> [REQUIRED WORK]: Since pictures are not part of the copy, please output only the lines from the one with "Needle Point Tapestry Style Rug" through the end of the data below, exactly as written.

Image-text web data:
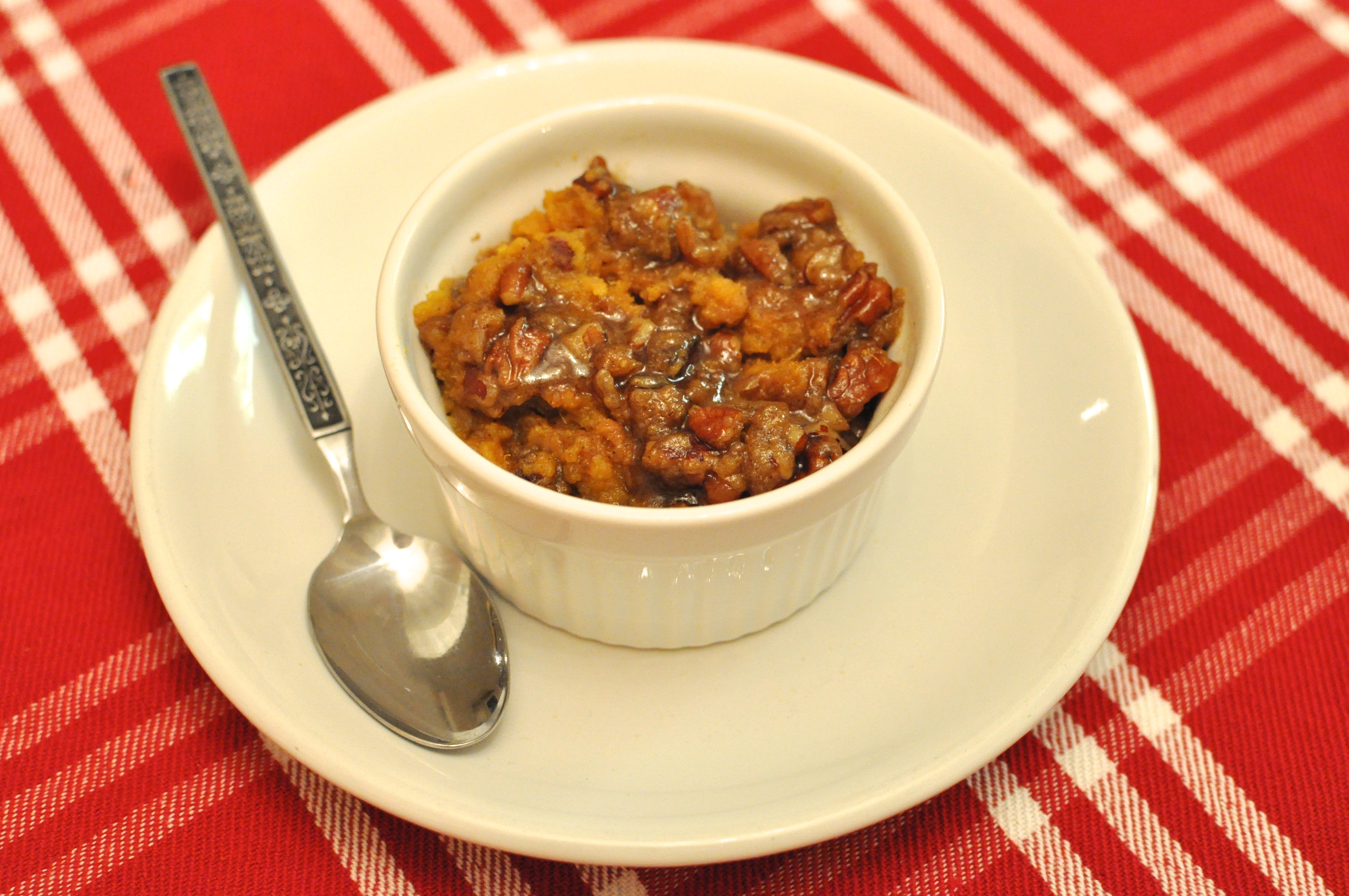 Pecan Sweet Potato Bake | Awesome with Sprinkles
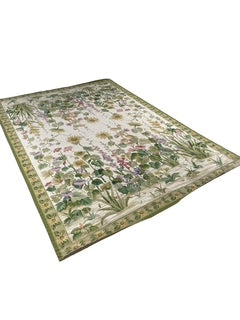 Needle Point Tapestry Style Rug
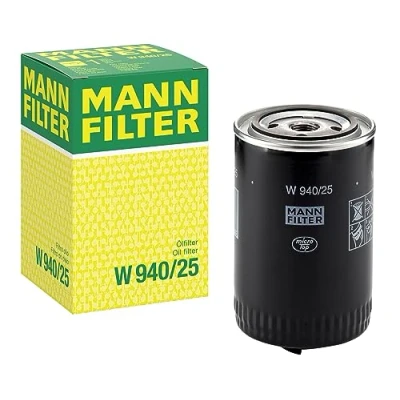 Abbildung von MANN FILTER W 940/25 Ölfilter Für PKW und Nutzfahrzeuge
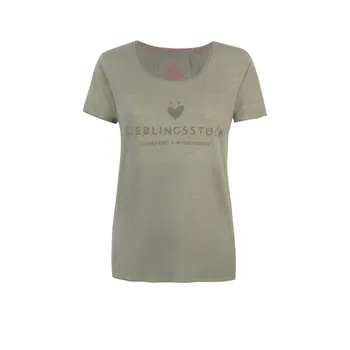 Рубашка LIEBLINGSSTCK Cia, цвет Olive/mottled green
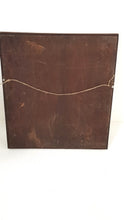 Load image into Gallery viewer, Antique Oak Mirror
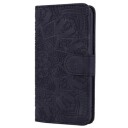 Mandala Series iPhone 11 Lommebok-deksel Svart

> [OUTPUT]:
 Needle Point Tapestry Style Rug
 Abbildung von MANN FILTER W 940/25 Ölfilter Für PKW und Nutzfahrzeuge
 Рубашка LIEBLINGSSTCK Cia, цвет Olive/mottled green
 Load image into Gallery viewer, Antique Oak Mirror
 Mandala Series iPhone 11 Lommebok-deksel Svart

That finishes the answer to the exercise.